### YOUR GOAL
From the entries below, output the line with "Click Manage sync settings." and each following line up to and including the line with "MA license plate 9XL150", exactly as written.

### RAW DATA
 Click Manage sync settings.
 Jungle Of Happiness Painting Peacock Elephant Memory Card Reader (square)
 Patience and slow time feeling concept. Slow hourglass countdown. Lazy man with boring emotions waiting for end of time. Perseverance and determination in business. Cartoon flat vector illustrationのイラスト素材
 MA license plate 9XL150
...
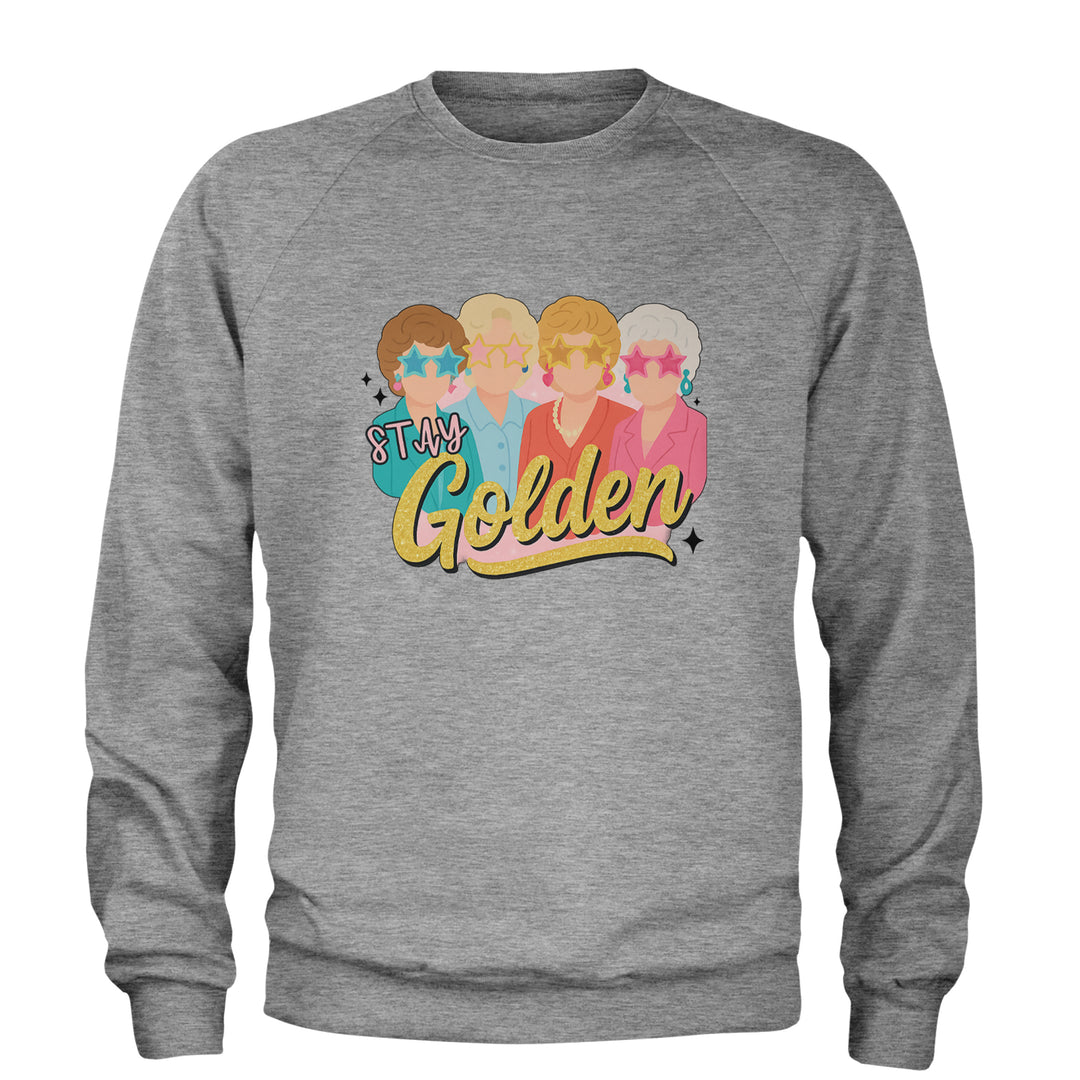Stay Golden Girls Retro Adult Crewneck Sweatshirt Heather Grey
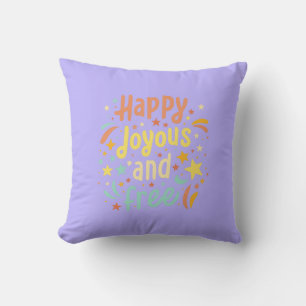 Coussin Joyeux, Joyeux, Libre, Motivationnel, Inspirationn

### EXPECTED ANSWER
 Click Manage sync settings.
 Jungle Of Happiness Painting Peacock Elephant Memory Card Reader (square)
 Patience and slow time feeling concept. Slow hourglass countdown. Lazy man with boring emotions waiting for end of time. Perseverance and determination in business. Cartoon flat vector illustrationのイラスト素材
 MA license plate 9XL150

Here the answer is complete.